J’éclate de rire au point que les passants autour de nous se retournent pour comprendre. Personne ne pourra. Pour cela il faut dépasser la gêne, partager avec l’étrange inconnu, vivre la différence dans une certaine indifférence et accepter de rire de tout, avec les bonnes personnes.

Au retour, le visage de ma mère est un peu plus triste malgré sa mise en pli juste faite. La séance de psy capillaire lui a coûté quelques cheveux blancs probablement. J’attends un peu qu’elle sorte de sa bulle et lui raconte notre anecdote au voisin et moi. Elle sourira franchement pour le bonheur de tous.

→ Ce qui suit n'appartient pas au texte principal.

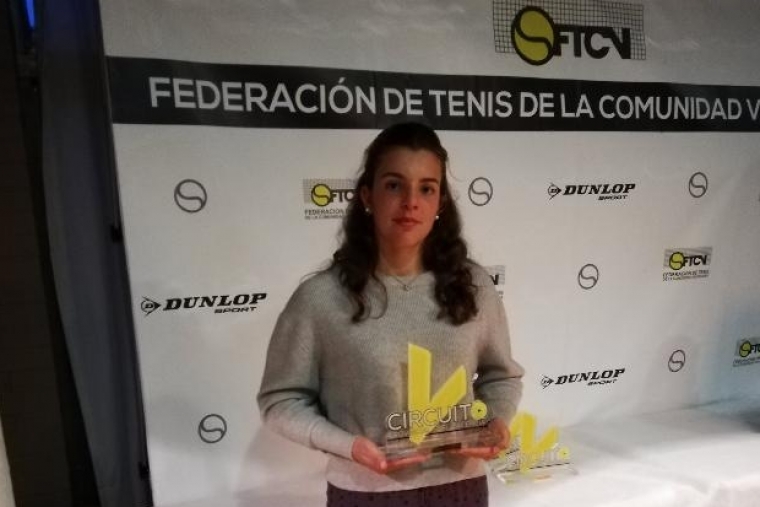 La tenista de Gandia, Loles Carbó Chova, gana el Máster Infantil 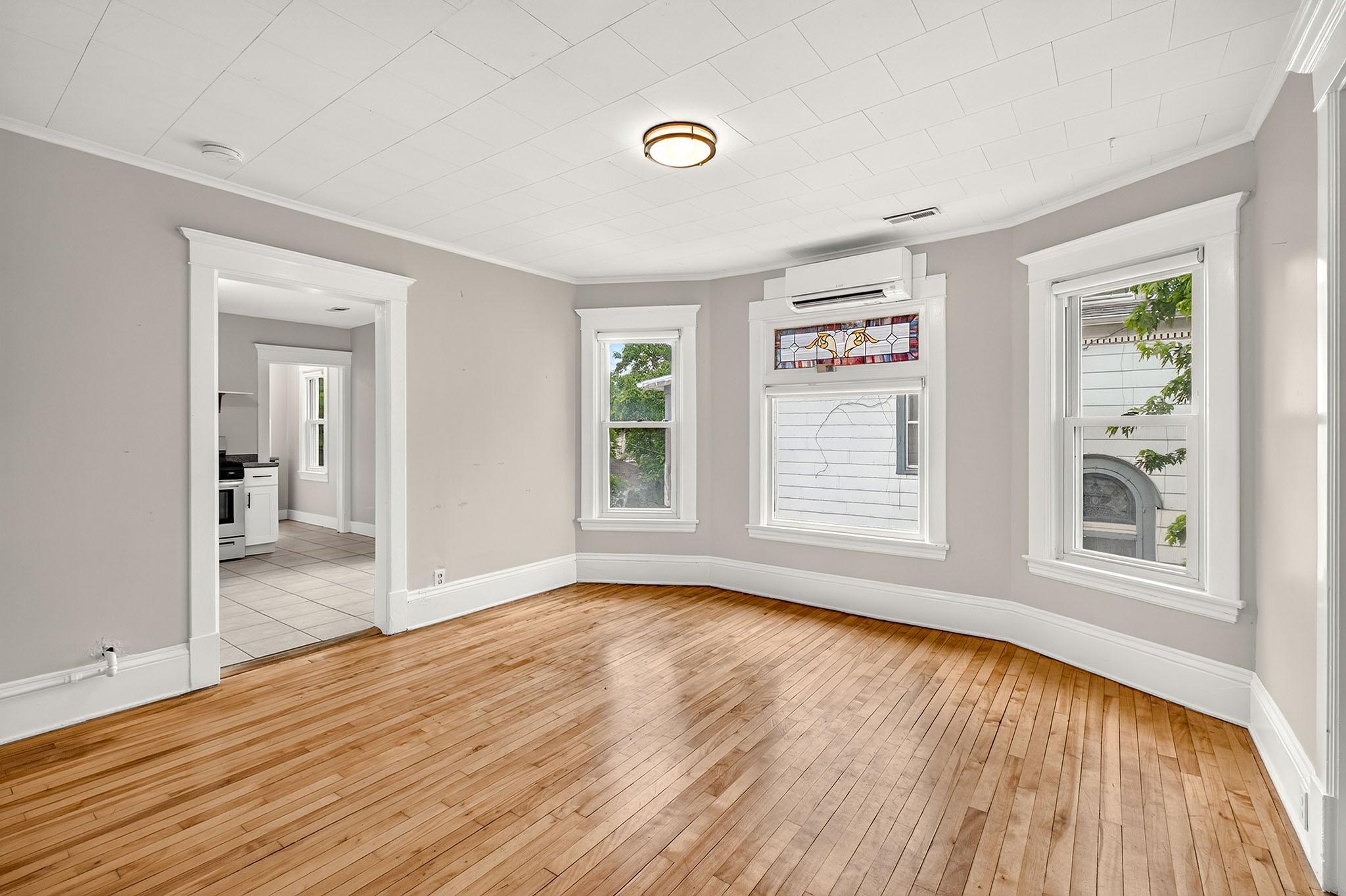 View of Residential Income at 1539 Washington Street, Minneapolis MN 55413, Minneapolis (8 of 26) - Mike Wilen | Minnesota Team Real Estate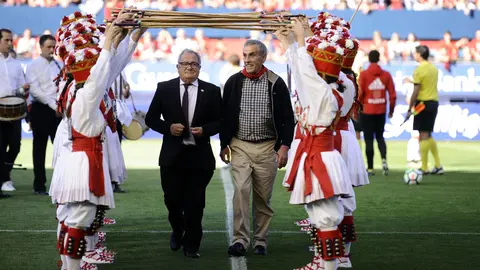 Osasuna conmemora el 50 aniversario de El Sadar con el saque de honor de Javier Ederra. MIGUEL OSÉS (1)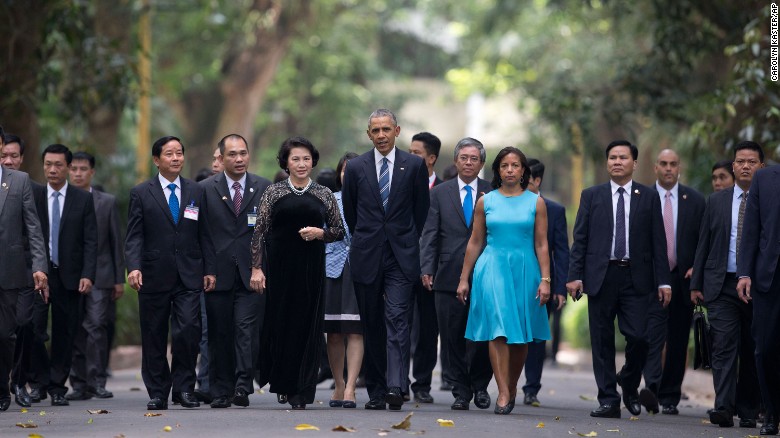 Barack Obama, Anthony Bourdain dine in Vietnam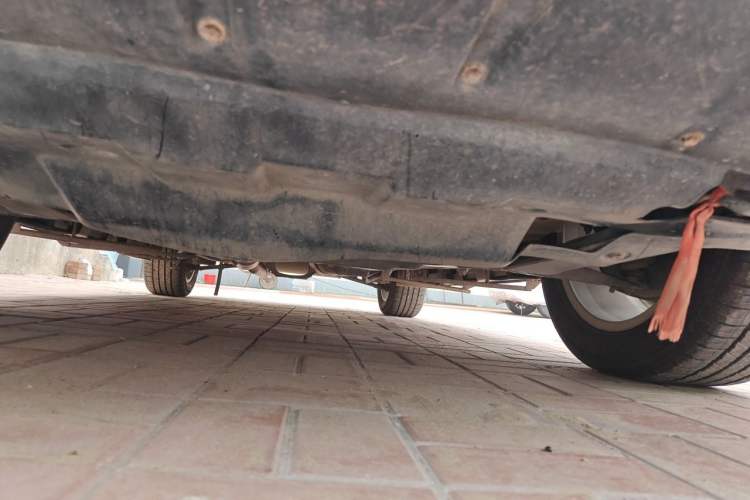 Used Haval H2 2014 1.5T Manual Two-Wheel Drive Elite Edition Chassis Front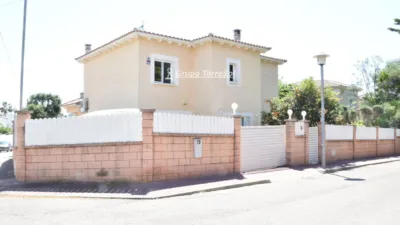 Chalet on Carrer del Doctor Emile Roux photo 78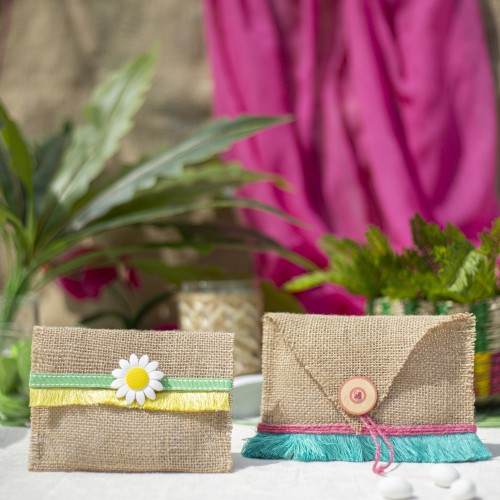 Μπομπονιέρες με γιούτα διακοσμημένες μαργαρίτα, ξύλινο κουμπί και χρωματιστές τρέσες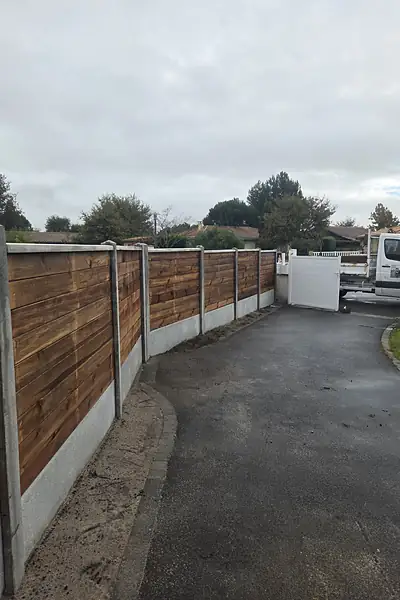 Après : Clôture béton & lames bois, Andernos-les-Bains (Gironde)
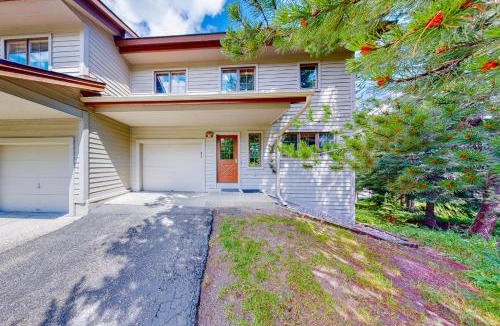 Big Sky Apartment | Hidden Village 20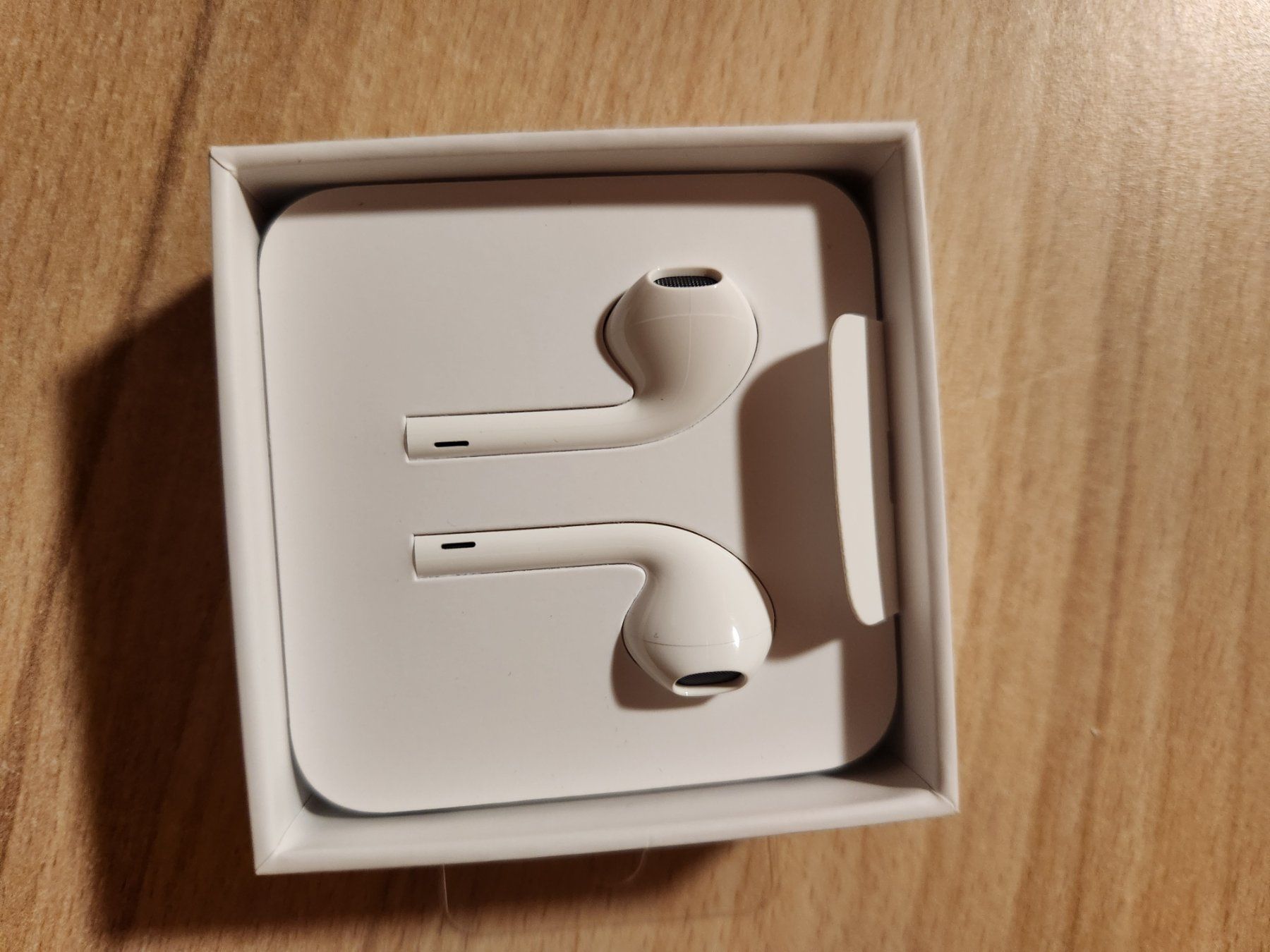 Apple Cuffie: EarPods – Nuovo e nell'imballaggio originale da Trubschachen venduto da isa_sm7n 1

Quand elle demande la monnaie de la glace, je lui tends un carambar qu’elle essaiera de se décoller des dents pendant le reste de la route.

En me mettant au lit sous mon drap j’ai une pensée pour cette journée. Quand je me remémore mon larcin j’ai comme un petit courant électrique qui parcourt mon corps et je suis à la fois content de moi et inquiet du chemin que je prends.